Chinese solid rocket launches 4 weather satellites to orbit (video)

A Chinese solid rocket sent four meteorological satellites into orbit last week, marking the nation's 12th launch of 2023.

The Kuaizhou 1A rocket lifted off from Jiuquan Satellite Launch Center at 5:09 a.m. EDT (0909 GMT, or 5:09 p.m. Beijing time) on March 22.

The 65-foot-tall (20 meters) rocket successfully delivered four "Tianmu 1" meteorological observation satellites into their predetermined orbit, according to the China Aerospace Science and Industry Corporation (CASIC), a giant state-owned defense contractor.

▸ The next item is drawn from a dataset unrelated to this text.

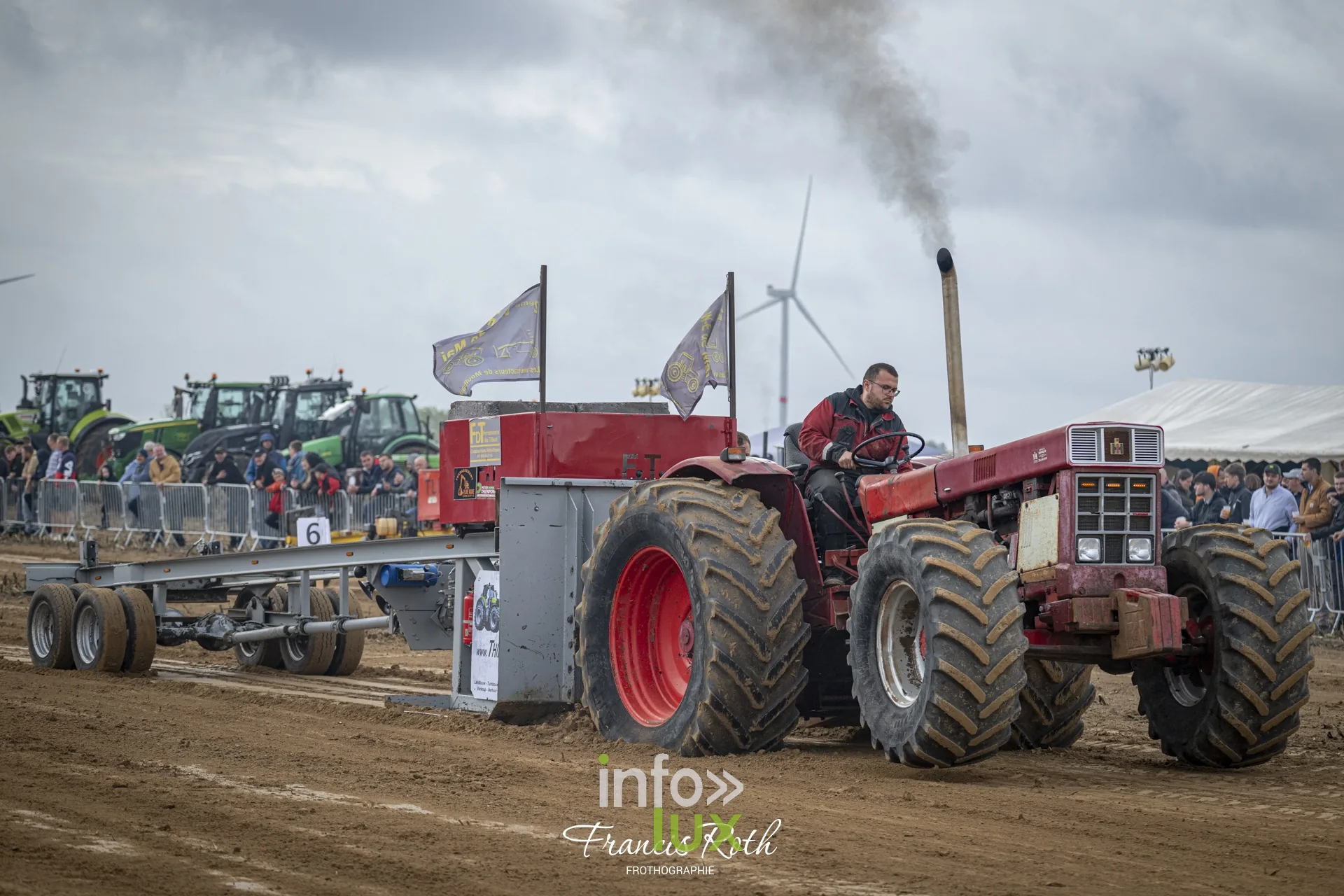 Concours de traction FJA WPJ 2026 à Thorembais-Saint-Trond (Perwez) — Les grosses catégories : fumée, adhérence et public au bord de la piste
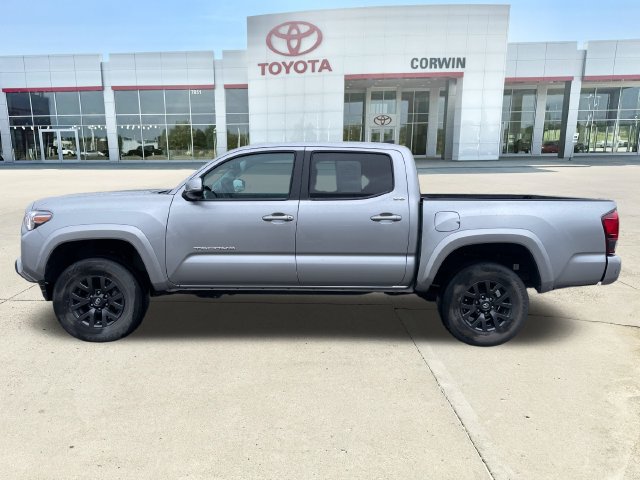 Used 2023 Toyota Tacoma SR5 w/ Technology Package AWD/4WD image 2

Related: The latest news about China's space program

A Kuaizhou 1A rocket lifts off from Jiuquan Satellite Launch Center on March 22, 2023 carrying four Tianmu 1 satellites. (Image credit: OurSpace)

The satellites, designated as Tianmu 1 satellites 03-06, are intended to provide global commercial meteorological data services, according to the press statement. The satellites were developed by a subsidiary of CASIC.

The Kuaizhou 1A was provided by the company Expace, a rocket-making arm of CASIC. It can carry a payload of 440 pounds (200 kilograms) to a 345-mile-high (700 kilometers) sun-synchronous orbit (SSO).

U.S. Space Force space domain awareness tracking later picked up the satellites in orbits with an altitude of roughly 316 miles (508 km) and inclined by 97.4 degrees.

The launch was the 19th flight of the Kuaizhou 1A, including two failures. CASIC plans to launch up to 10 Kuaizhou rockets in 2023, including flights of the larger Kuaizhou 11 solid rocket. 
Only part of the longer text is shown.